Althea packed her bags in Louisiana and headed to Houston. She met up with one of the brilliant minds behind it, Dr. Michael Belfort, OB GYN-in-Chief at Texas Children’s Pavilion for Women and the Chairman of Obstetrics and Gynecology at Baylor College of Medicine.

"This wasn't something that just came up out of the blue one day and we said, well let's do this. We were fighting public opinion and certainly within the scientific community, there was a lot of distrust of the technique, so I think that moving forward with Althea, starting our program, we were able to slowly convince people that this is the right thing to do for mothers," states Dr. Belfort.

Althea says she didn't think twice about it! "There was hope and there was a way to give him a normal life and we just hit the ground running," smiles Althea.

"I'll never forget this: she said, 'Somebody has to be first and I'm okay to do that.' What a brave and courageous woman and brave family, when you're offered something that is clearly experimental to say somebody has to be first," reflects Dr. Belfort.

Althea says she's grateful because her journey has been one for the books! At the time, the procedure was considered investigational and was overseen by four safety groups. Dr. Belfort spent hundreds of hours in simulation preparing for it.

Instead of a large incision to the uterus, he made several small ones, with a camera leading the way. Grayson weighed only a pound and a half when he became the first to undergo it.

Texas Children's even shared video of tiny Grayson in the womb during the procedure.

"The goal was to incise around the exposed area of spine, and then to cover that with tissue and close up the leaking area of the spinal cord and the lower spine," describes Dr. Belfort.

That very procedure has given Grayson the gift of mobility. His life would have been drastically different without it.

"He might have been confined to a wheelchair with bowel and bladder issues, and significant other problems that could range from cognitive dysfunction to infected shunts and all sorts of things. So, I think his life could have been very, very different.
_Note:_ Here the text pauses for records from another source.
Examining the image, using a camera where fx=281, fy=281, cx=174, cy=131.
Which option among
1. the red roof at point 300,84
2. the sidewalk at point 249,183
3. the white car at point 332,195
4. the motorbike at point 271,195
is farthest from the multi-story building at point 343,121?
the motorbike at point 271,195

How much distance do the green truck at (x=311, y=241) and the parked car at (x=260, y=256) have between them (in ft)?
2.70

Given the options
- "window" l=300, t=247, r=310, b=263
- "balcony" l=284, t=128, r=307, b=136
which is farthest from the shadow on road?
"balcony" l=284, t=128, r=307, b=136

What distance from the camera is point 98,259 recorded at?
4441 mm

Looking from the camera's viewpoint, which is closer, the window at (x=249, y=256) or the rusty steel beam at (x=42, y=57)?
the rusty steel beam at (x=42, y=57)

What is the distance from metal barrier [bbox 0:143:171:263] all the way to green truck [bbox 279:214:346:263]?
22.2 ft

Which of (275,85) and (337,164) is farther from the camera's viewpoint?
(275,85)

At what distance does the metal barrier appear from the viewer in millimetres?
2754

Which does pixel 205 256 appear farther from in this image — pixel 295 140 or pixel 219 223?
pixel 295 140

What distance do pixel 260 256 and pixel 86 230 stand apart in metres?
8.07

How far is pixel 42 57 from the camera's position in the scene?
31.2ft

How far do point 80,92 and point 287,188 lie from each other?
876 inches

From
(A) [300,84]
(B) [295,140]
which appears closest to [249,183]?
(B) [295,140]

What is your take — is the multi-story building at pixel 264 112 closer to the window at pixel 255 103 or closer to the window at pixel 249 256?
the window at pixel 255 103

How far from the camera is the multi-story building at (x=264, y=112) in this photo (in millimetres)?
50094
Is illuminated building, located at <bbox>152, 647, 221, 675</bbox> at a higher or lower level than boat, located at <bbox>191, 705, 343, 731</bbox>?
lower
We're just so happy to see this little boy, interacting with his family, and being able to do things like go fishing, and have a normal life," says Dr. Belfort.

Grayson is thriving academically, as he heads into first grade and has found his calling on the lake. He can name every fish and bait.
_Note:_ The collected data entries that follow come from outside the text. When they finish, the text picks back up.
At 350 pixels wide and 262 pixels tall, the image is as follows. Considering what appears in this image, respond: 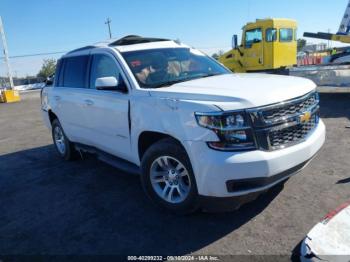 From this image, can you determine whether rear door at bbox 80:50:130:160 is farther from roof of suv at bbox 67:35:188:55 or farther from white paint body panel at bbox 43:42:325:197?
roof of suv at bbox 67:35:188:55

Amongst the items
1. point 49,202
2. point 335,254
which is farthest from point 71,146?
point 335,254

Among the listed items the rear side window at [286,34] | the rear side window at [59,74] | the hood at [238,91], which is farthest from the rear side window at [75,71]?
the rear side window at [286,34]

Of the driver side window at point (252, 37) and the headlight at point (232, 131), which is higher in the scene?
the driver side window at point (252, 37)

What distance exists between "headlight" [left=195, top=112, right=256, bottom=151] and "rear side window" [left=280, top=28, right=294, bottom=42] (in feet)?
42.6

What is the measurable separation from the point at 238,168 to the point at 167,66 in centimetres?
206

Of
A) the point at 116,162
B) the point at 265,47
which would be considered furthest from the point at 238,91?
the point at 265,47

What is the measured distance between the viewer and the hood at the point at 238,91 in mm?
3344

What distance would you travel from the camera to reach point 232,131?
3.31 meters

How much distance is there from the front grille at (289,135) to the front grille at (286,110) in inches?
5.3

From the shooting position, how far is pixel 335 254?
2838 mm

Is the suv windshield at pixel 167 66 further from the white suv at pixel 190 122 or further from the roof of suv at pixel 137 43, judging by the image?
the roof of suv at pixel 137 43

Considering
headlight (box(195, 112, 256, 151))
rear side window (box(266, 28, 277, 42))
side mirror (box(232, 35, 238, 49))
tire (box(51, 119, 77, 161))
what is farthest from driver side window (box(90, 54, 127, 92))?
rear side window (box(266, 28, 277, 42))

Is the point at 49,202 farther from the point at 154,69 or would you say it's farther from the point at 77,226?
the point at 154,69

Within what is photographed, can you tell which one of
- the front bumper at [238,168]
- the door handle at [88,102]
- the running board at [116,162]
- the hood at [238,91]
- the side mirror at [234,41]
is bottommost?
the running board at [116,162] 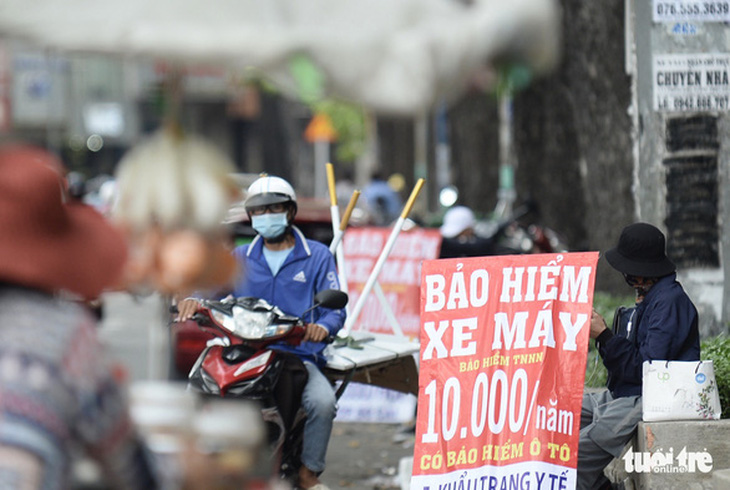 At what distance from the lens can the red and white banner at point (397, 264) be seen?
1052 cm

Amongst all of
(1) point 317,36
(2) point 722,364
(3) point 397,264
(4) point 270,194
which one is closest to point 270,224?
(4) point 270,194

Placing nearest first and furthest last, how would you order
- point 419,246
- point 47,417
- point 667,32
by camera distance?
point 47,417 < point 667,32 < point 419,246

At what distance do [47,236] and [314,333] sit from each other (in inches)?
→ 154

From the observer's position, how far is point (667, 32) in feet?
25.5

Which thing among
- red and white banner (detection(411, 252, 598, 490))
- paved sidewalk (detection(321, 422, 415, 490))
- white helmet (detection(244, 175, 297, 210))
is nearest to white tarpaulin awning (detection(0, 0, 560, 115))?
red and white banner (detection(411, 252, 598, 490))

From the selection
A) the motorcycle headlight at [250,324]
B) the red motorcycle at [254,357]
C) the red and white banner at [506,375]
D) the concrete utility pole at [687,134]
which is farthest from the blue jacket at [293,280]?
the concrete utility pole at [687,134]

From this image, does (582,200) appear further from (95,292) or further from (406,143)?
(406,143)

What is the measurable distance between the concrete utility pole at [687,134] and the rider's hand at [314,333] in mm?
2784

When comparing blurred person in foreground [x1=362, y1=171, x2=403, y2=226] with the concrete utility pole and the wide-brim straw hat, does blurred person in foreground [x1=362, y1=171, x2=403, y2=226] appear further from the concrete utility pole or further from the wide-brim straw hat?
the wide-brim straw hat

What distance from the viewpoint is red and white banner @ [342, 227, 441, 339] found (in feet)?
34.5

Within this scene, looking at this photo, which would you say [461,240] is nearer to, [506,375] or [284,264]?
[284,264]

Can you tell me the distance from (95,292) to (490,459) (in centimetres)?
384

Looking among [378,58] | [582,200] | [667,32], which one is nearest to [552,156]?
[582,200]

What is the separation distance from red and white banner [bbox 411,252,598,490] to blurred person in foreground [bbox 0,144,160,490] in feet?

"Grayson knows there's something lacking physically, so where he can strive, he takes the bull by the horns and goes with it," laughs his mom.
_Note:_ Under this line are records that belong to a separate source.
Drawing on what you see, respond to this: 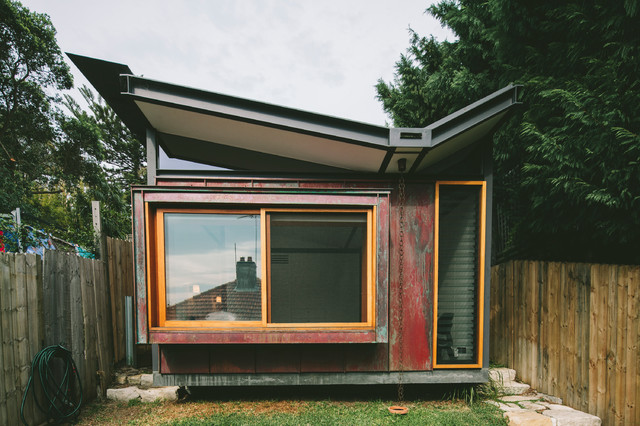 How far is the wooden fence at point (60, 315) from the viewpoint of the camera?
8.24ft

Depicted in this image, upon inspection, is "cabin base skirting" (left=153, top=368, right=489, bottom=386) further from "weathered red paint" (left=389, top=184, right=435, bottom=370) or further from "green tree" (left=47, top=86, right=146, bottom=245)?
"green tree" (left=47, top=86, right=146, bottom=245)

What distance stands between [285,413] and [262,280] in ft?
4.61

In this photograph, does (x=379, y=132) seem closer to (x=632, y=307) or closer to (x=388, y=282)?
(x=388, y=282)

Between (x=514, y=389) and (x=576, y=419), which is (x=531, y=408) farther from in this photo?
(x=514, y=389)

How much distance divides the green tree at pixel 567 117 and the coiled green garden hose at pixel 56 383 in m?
5.54

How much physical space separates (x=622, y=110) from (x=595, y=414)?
298 cm

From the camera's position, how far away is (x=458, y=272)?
3.42m

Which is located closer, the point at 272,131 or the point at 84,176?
the point at 272,131

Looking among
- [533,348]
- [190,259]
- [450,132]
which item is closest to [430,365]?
[533,348]

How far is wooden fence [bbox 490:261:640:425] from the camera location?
272 centimetres

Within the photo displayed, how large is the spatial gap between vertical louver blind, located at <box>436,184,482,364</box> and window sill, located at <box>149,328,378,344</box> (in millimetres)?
960

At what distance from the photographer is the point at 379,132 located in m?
2.98

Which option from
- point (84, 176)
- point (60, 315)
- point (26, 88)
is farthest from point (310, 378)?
point (26, 88)

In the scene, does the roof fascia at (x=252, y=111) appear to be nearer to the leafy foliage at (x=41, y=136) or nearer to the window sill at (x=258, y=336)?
the window sill at (x=258, y=336) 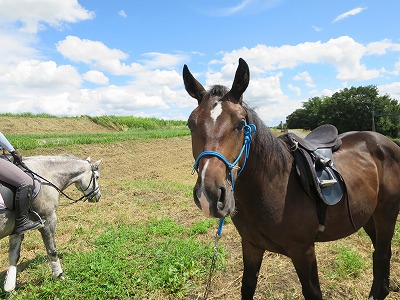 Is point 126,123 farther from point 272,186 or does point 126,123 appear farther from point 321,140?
point 272,186

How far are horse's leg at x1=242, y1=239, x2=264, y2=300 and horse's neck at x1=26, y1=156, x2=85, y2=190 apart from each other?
12.1 ft

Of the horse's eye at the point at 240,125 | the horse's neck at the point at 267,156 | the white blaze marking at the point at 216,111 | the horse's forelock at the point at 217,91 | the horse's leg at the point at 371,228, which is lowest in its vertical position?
the horse's leg at the point at 371,228

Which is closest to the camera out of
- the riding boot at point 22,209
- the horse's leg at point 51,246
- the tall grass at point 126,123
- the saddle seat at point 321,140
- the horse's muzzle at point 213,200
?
the horse's muzzle at point 213,200

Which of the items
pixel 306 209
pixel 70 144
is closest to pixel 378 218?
pixel 306 209

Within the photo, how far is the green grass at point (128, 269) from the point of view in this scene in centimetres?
380

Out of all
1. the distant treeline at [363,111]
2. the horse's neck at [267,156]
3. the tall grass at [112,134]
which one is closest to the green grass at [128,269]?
the horse's neck at [267,156]

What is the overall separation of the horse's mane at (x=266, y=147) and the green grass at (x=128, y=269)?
2.32m

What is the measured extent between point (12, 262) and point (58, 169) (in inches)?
64.4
His family can't even fathom what his future would've been like without the procedure, plus Grayson will get to cherish a new sibling on the way, because his mom is successfully carrying her third pregnancy and is due any day.

"God only knows where we would be today if we didn't have them," states Althea. Dr. Belfort feels the same about her and says he and many other families will be forever grateful she had faith to be the first.

FOX 26 wants to send a big shout-out to photographers Cody Duty and Allen Cramer plus Texas Children's Hospital for sharing their photos and video to help us better tell this story.

Spina bifida is the most common spinal defect in the U.S., affecting between 1,500-2,000 babies every year.